* Given entries
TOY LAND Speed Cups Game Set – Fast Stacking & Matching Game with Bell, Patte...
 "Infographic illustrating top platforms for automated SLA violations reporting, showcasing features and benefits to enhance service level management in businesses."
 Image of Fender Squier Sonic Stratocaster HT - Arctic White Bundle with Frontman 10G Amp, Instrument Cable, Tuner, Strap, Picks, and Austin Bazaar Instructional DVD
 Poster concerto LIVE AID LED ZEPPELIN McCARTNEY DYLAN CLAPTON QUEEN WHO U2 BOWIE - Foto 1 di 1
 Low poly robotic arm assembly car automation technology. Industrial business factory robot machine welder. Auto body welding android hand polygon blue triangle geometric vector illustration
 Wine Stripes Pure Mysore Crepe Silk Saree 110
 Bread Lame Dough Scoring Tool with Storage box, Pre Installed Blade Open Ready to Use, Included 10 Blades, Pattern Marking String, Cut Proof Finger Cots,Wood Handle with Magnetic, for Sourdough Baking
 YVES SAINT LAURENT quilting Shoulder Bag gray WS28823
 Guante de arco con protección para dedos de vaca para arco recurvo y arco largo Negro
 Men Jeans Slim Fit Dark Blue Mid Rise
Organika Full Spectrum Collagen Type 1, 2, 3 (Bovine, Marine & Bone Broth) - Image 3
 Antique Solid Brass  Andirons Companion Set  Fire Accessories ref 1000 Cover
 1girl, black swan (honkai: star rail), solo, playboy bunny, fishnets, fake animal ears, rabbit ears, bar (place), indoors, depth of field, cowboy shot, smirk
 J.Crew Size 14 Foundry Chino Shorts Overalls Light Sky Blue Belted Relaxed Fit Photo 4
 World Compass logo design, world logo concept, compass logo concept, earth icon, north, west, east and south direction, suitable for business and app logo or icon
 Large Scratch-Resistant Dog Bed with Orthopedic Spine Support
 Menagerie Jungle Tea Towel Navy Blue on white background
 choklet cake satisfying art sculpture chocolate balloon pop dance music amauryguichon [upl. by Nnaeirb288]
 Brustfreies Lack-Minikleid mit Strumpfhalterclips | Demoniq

* Goal of the exercise
Give the listing again, exactly as it was written.

* Exercise solution
TOY LAND Speed Cups Game Set – Fast Stacking & Matching Game with Bell, Patte...
 "Infographic illustrating top platforms for automated SLA violations reporting, showcasing features and benefits to enhance service level management in businesses."
 Image of Fender Squier Sonic Stratocaster HT - Arctic White Bundle with Frontman 10G Amp, Instrument Cable, Tuner, Strap, Picks, and Austin Bazaar Instructional DVD
 Poster concerto LIVE AID LED ZEPPELIN McCARTNEY DYLAN CLAPTON QUEEN WHO U2 BOWIE - Foto 1 di 1
 Low poly robotic arm assembly car automation technology. Industrial business factory robot machine welder. Auto body welding android hand polygon blue triangle geometric vector illustration
 Wine Stripes Pure Mysore Crepe Silk Saree 110
 Bread Lame Dough Scoring Tool with Storage box, Pre Installed Blade Open Ready to Use, Included 10 Blades, Pattern Marking String, Cut Proof Finger Cots,Wood Handle with Magnetic, for Sourdough Baking
 YVES SAINT LAURENT quilting Shoulder Bag gray WS28823
 Guante de arco con protección para dedos de vaca para arco recurvo y arco largo Negro
 Men Jeans Slim Fit Dark Blue Mid Rise
Organika Full Spectrum Collagen Type 1, 2, 3 (Bovine, Marine & Bone Broth) - Image 3
 Antique Solid Brass  Andirons Companion Set  Fire Accessories ref 1000 Cover
 1girl, black swan (honkai: star rail), solo, playboy bunny, fishnets, fake animal ears, rabbit ears, bar (place), indoors, depth of field, cowboy shot, smirk
 J.Crew Size 14 Foundry Chino Shorts Overalls Light Sky Blue Belted Relaxed Fit Photo 4
 World Compass logo design, world logo concept, compass logo concept, earth icon, north, west, east and south direction, suitable for business and app logo or icon
 Large Scratch-Resistant Dog Bed with Orthopedic Spine Support
 Menagerie Jungle Tea Towel Navy Blue on white background
 choklet cake satisfying art sculpture chocolate balloon pop dance music amauryguichon [upl. by Nnaeirb288]
 Brustfreies Lack-Minikleid mit Strumpfhalterclips | Demoniq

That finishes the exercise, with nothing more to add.